Work task ▸
Could you restate word for word only the lines below from the one holding "an ethereal all-glass" to the one holding "Elderly person riding stairlift", inclusive, and leave out the pictures?

Provided information ▸
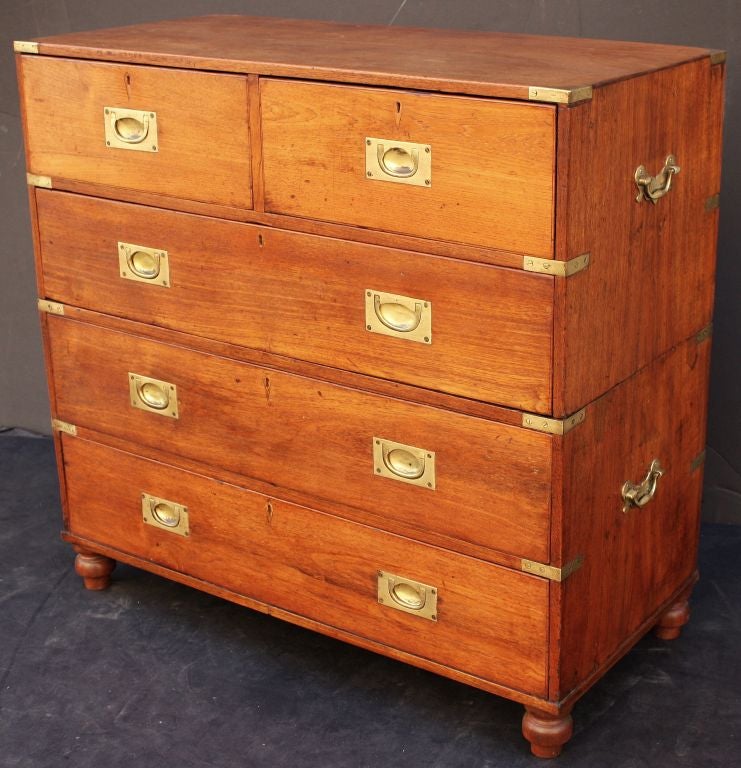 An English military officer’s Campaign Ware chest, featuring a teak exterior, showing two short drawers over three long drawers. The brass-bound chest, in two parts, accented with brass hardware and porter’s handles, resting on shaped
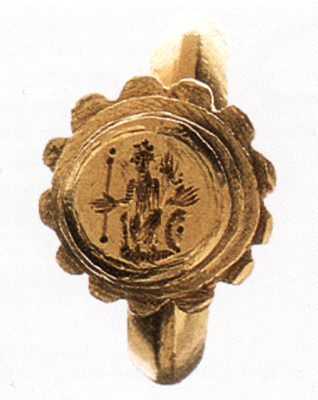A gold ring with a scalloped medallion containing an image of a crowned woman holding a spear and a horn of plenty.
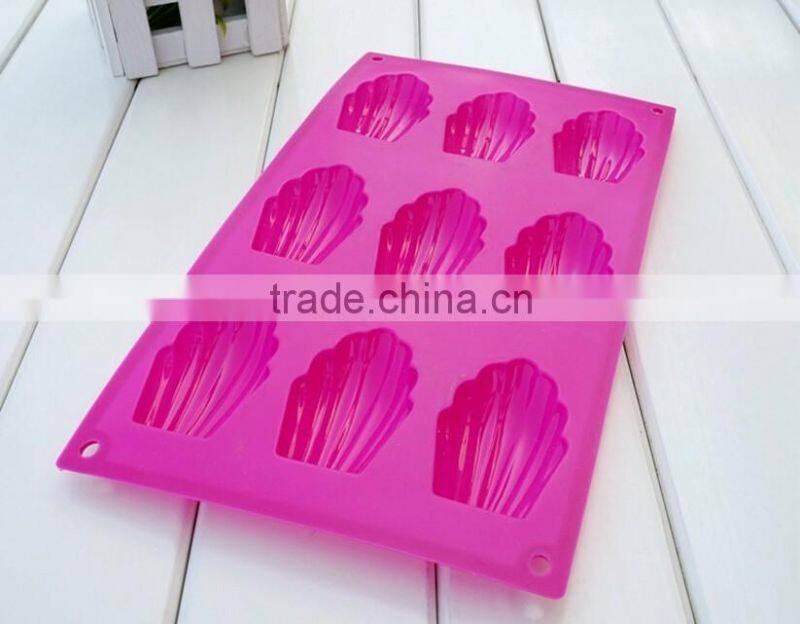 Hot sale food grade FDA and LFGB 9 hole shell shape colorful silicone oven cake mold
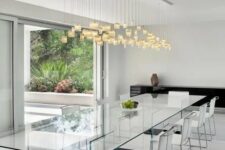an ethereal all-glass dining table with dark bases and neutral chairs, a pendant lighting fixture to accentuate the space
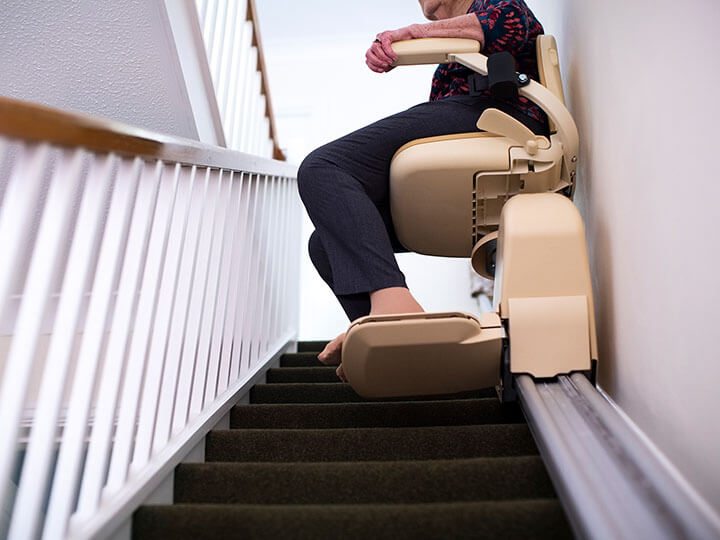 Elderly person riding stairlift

* * *

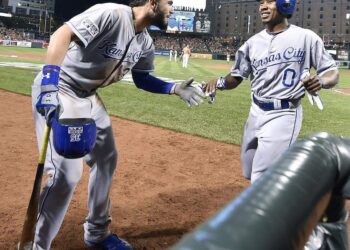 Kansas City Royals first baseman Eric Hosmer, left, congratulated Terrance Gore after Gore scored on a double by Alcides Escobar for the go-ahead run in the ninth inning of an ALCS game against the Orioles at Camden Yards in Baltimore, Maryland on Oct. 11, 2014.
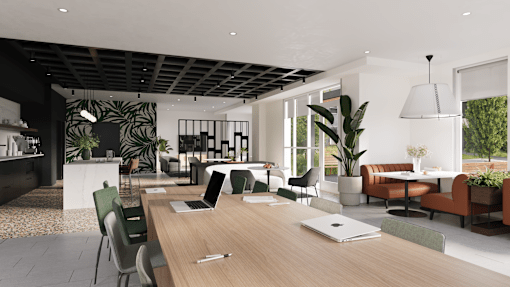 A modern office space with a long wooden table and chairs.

Answer to the exercise ▸
an ethereal all-glass dining table with dark bases and neutral chairs, a pendant lighting fixture to accentuate the space
 Elderly person riding stairlift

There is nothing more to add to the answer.